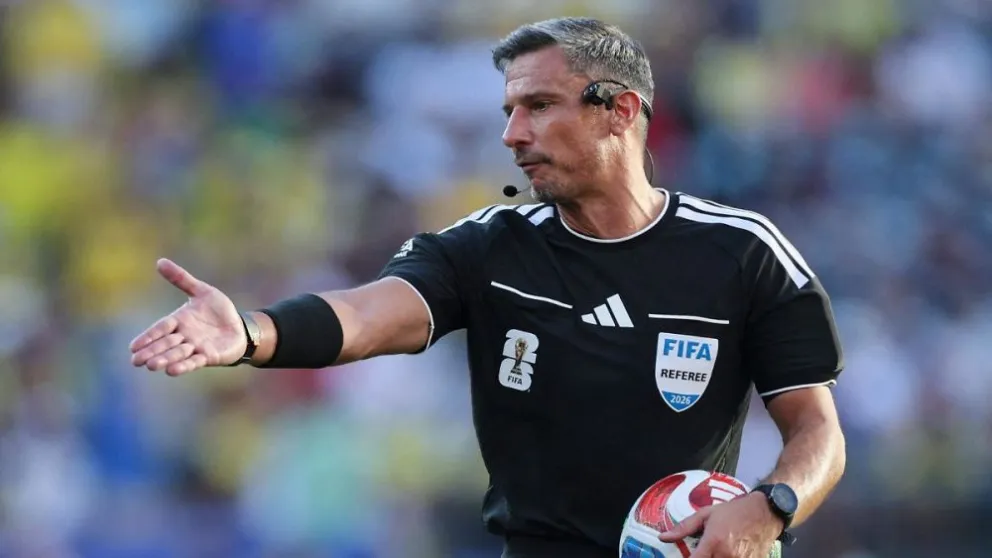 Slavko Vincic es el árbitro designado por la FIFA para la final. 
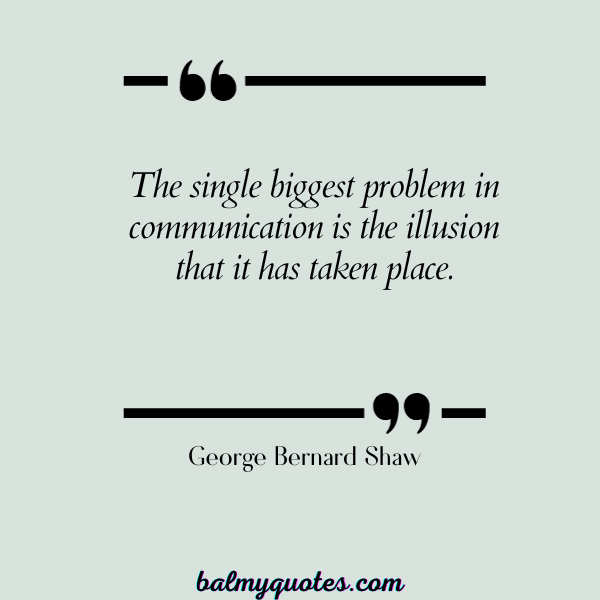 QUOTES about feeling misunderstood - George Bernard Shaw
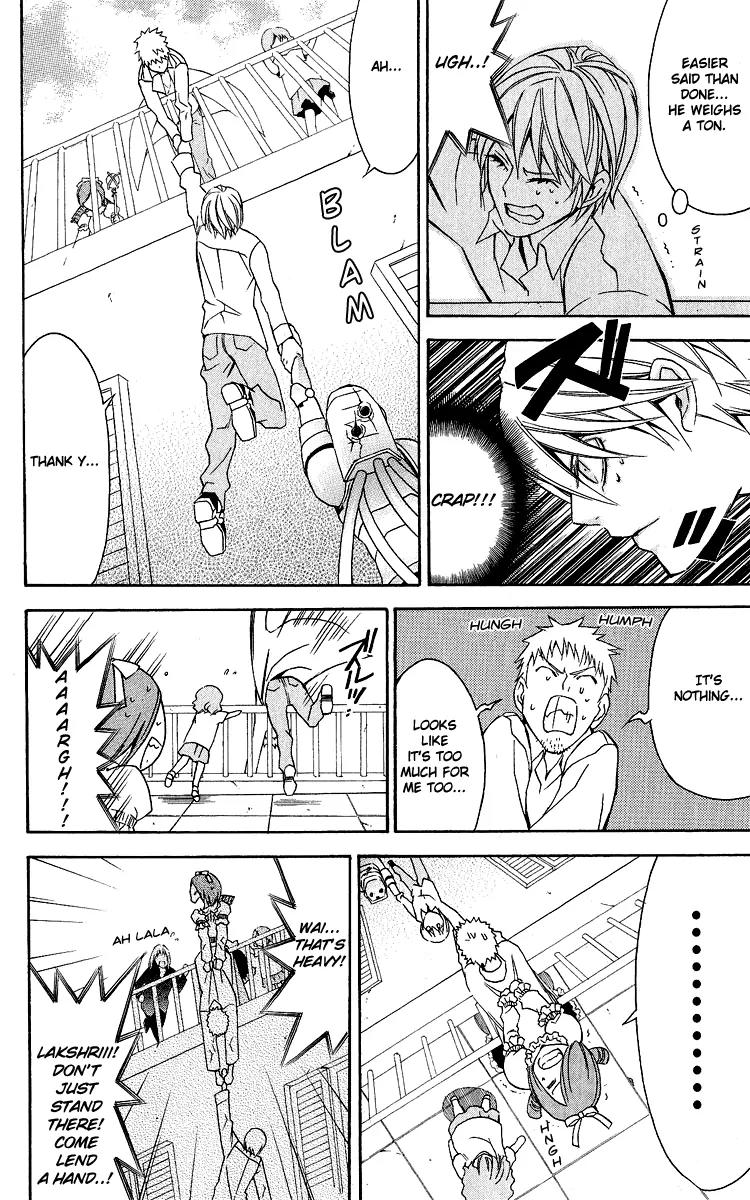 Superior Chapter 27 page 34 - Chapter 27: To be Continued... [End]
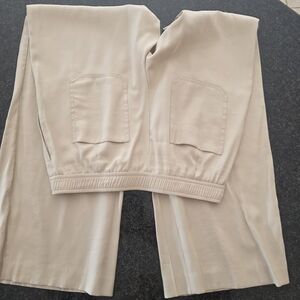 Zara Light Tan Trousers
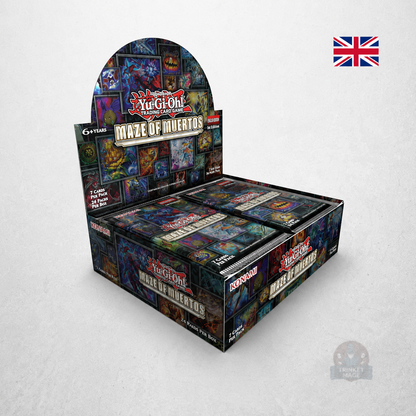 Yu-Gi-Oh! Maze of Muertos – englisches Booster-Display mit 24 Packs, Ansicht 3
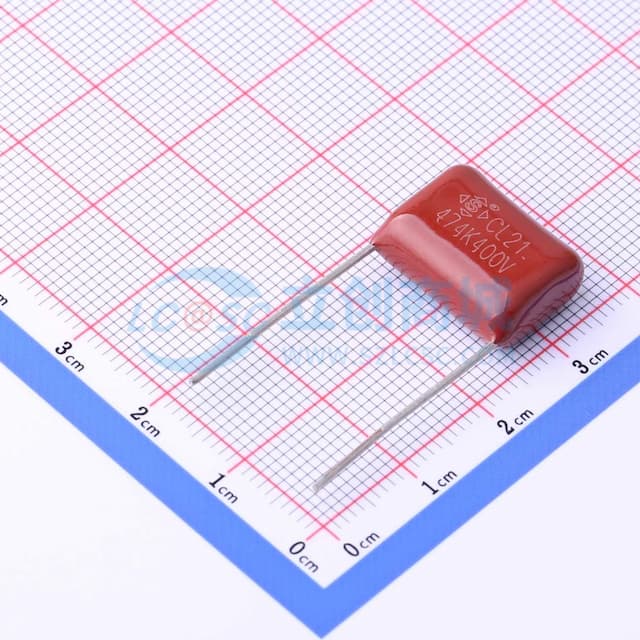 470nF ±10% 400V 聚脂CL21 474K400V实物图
━━━━━━━━━━
_EXERCISE INSTRUCTIONS:_ Transcribe the records above exactly and drop every picture.

_EXERCISE OUTPUT:_
 Slavko Vincic es el árbitro designado por la FIFA para la final. 
 QUOTES about feeling misunderstood - George Bernard Shaw
 Superior Chapter 27 page 34 - Chapter 27: To be Continued... [End]
 Zara Light Tan Trousers
 Yu-Gi-Oh! Maze of Muertos – englisches Booster-Display mit 24 Packs, Ansicht 3
 470nF ±10% 400V 聚脂CL21 474K400V实物图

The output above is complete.